Partió por Larco, cuesta abajo, rumbo a Larcomar. Los autos se abrían a su paso, no por respeto, sino por desconcierto. Algunos lo grabaron, otros lo insultaron, y un niño pequeño le lanzó una flor. Nadie entendió lo que veían: un hombre que seguía creyendo en algo más alto que el miedo.

Lo perdimos de vista entre las luces del malecón. Dicen que llegó hasta el faro de la Marina, donde las parejas se abrazan mirando el Pacífico. Allí desmontó, clavó su lanza en la tierra y se quedó inmóvil frente al mar. Los que lo vieron aseguran que recitaba versos en voz baja, como si rezara.
—El mar también tiene dragones —murmuró alguien que pasaba—, pero él no los teme.

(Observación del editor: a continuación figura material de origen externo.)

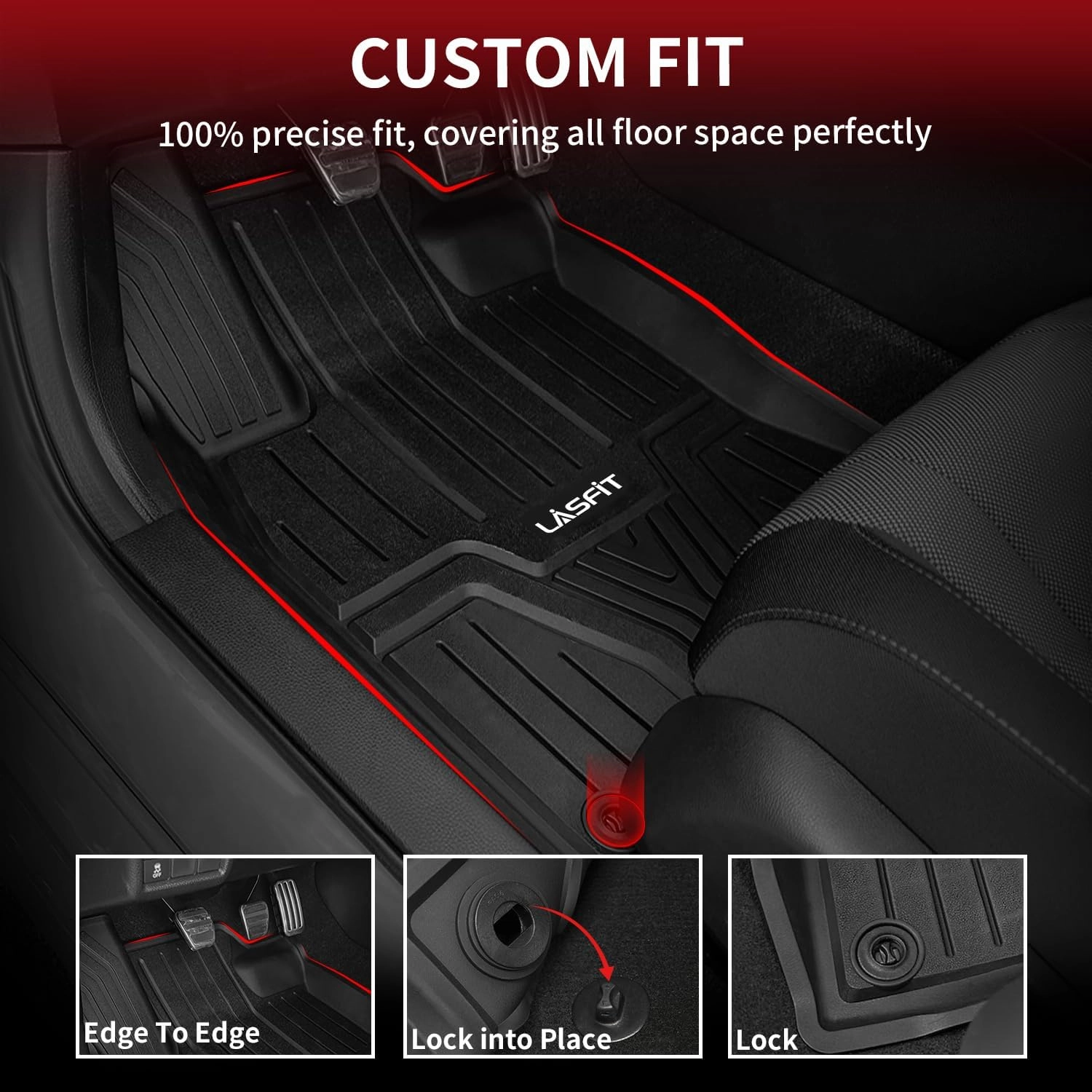 LASFIT Floor Mats for Honda Civic 2022-2025 (Fits Rear Seats with or Without USB Ports) | for Acura Integra 2023-2025, All Weather Car Floor Liners, 1st & 2nd Row, Black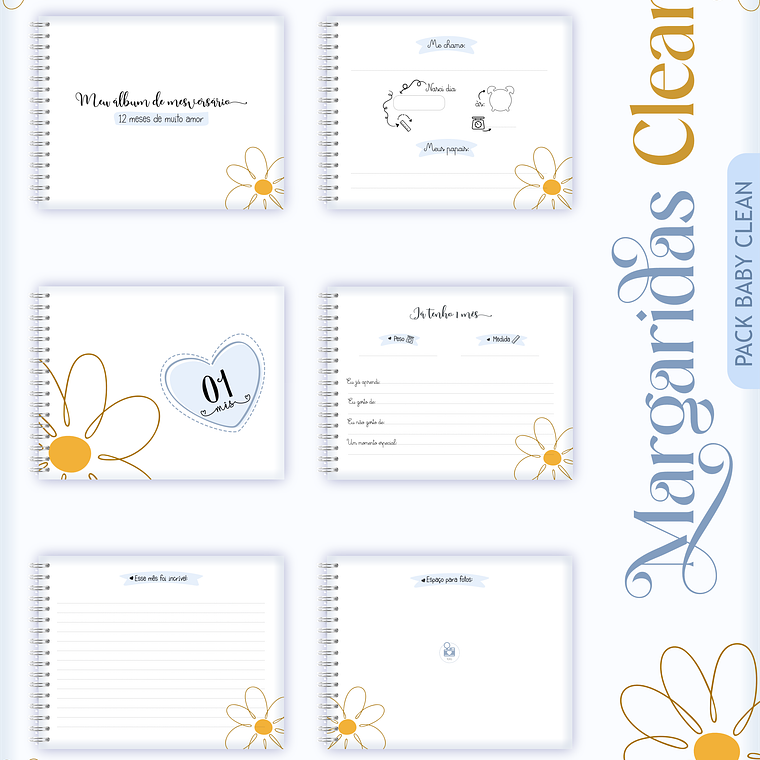 Arquivo Encadernação Baby Margaridas Clean 5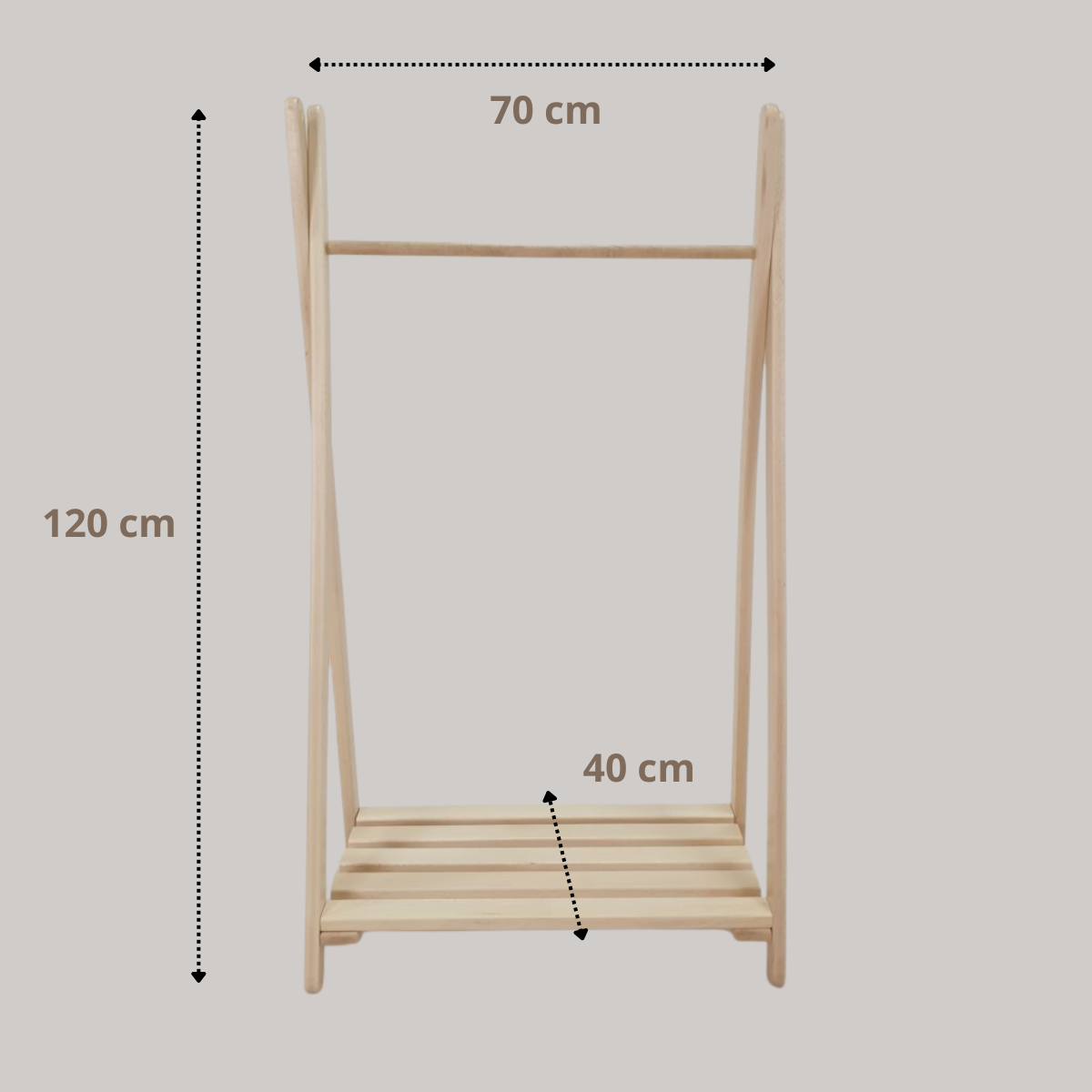 Soosie Kinder Kledingrek – Massief Beukenhout – Met Legplank – 120×70×40 cm – Naturel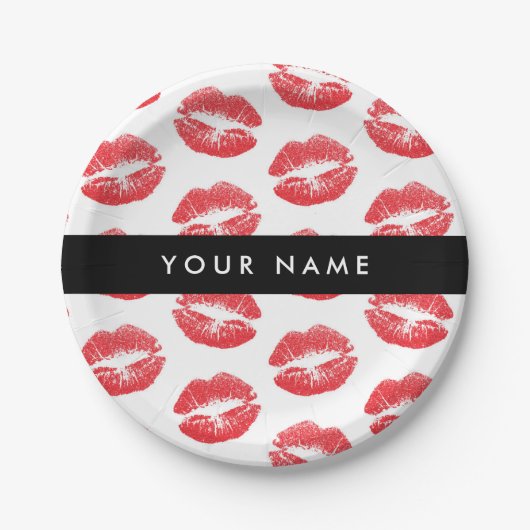 Rode lippen, kus, lippenstift, Jouw naam, personal Papieren Bordje (Voorkant)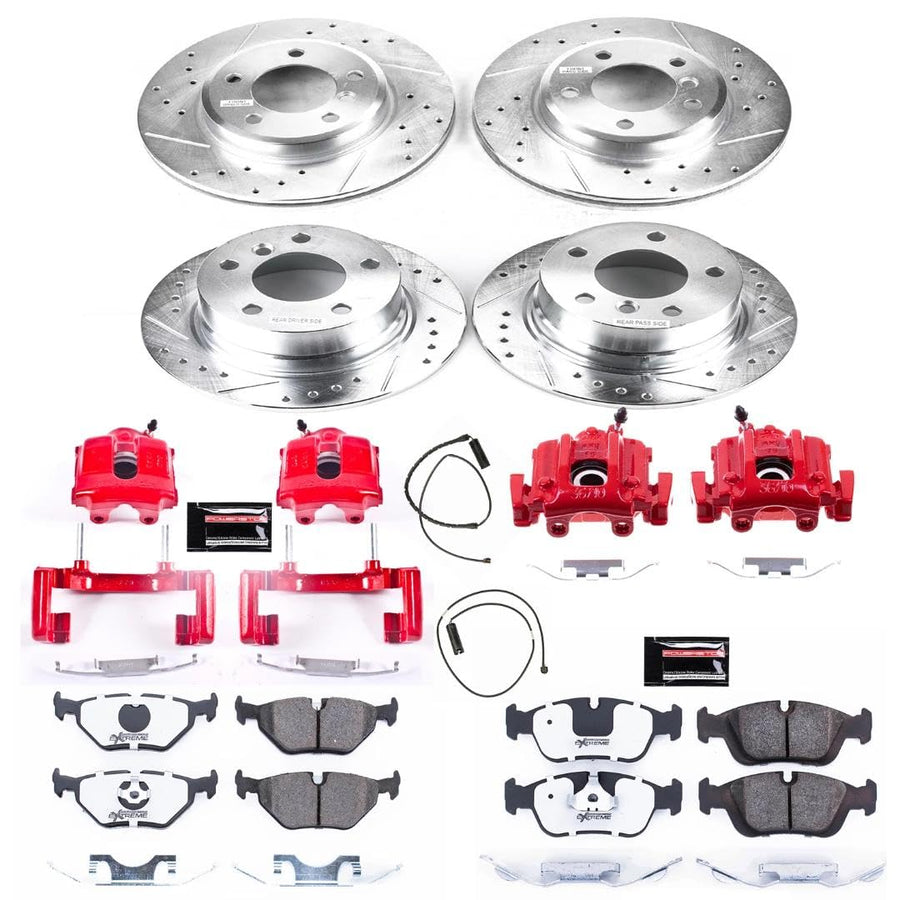 Power Stop Z26 KC870-26, Street Warrior Front and Rear Caliper Kit-Drilled/Slotted Rotors, Carbon Ceramic Brake Pads, Calipers For BMW Z3 2001-2002 [Model Specific]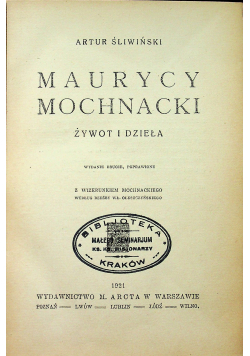 Maurycy Mochnacki 1921r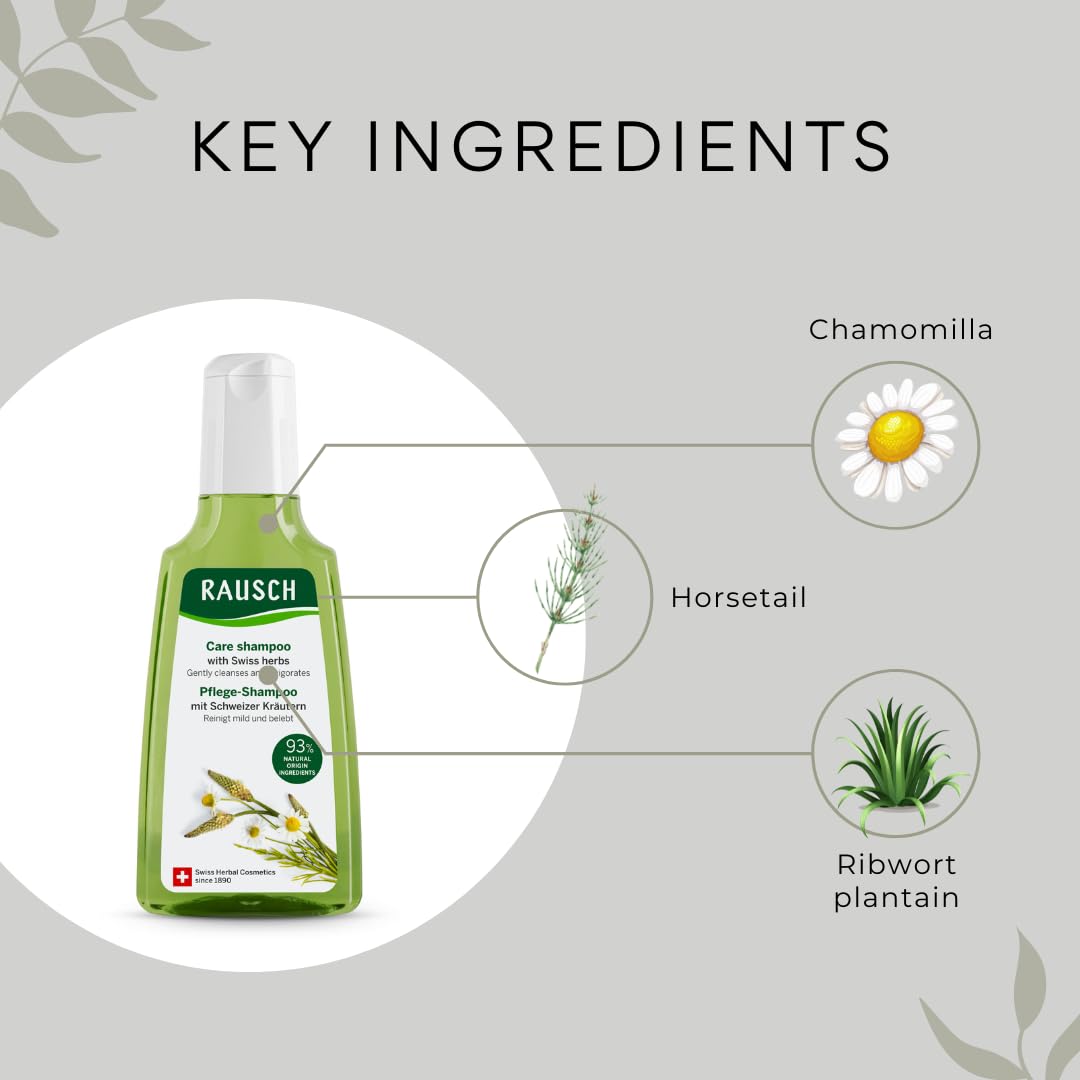 RAUSCH Shampoing aux herbes suisses, extrait de camomille pour parfum naturel.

A la mañana siguiente, cuando el sol volvió a asomar entre la neblina, su caballo estaba amarrado a una baranda, y en el suelo quedaba solo su casco, cubierto de rocío. Nadie supo qué fue de él. Algunos dijeron que subió hacia la Huaca Pucllana, guiado por el rumor de las piedras; otros que desapareció en el mar, montado sobre una ola. Pero yo creo que sigue aquí, en algún rincón de Miraflores, caminando invisible entre nosotros, con su lanza dispuesta y su fe intacta.

Mía aún se detiene cada tarde frente al Haití. Mira hacia el malecón y mueve la cola, como esperando que el caballero vuelva. A veces, cuando la luz del atardecer se filtra entre los edificios, juraría que su silueta se refleja en las vitrinas de Larco: alto, delgado, con el gesto digno y triste de quien nunca aceptó el fin de la esperanza.

Y entonces entiendo que Don Quijote no vino a cambiar el mundo, sino a recordarnos que todavía podemos hacerlo. Que entre tanto ruido y prisa, aún hay espacio para una lanza limpia, para una mirada justa, para una voz que diga lo que ya nadie se atreve a decir. Que en esta ciudad donde todos corren y nadie escucha, su locura sigue siendo la forma más alta de cordura.

Quizá por eso, cada vez que la garúa cae sobre Tarapacá y el aire se llena de ese aroma a tierra y sal, siento que algo invisible cabalga entre nosotros. Y que si uno se queda en silencio lo suficiente, puede oírlo pasar: el eco de un caballo cansado, la armadura golpeando al ritmo del tráfico, y una voz que susurra con dulzura invencible:

—Seguid, buenos hombres, que aún hay causas que merecen ser soñadas.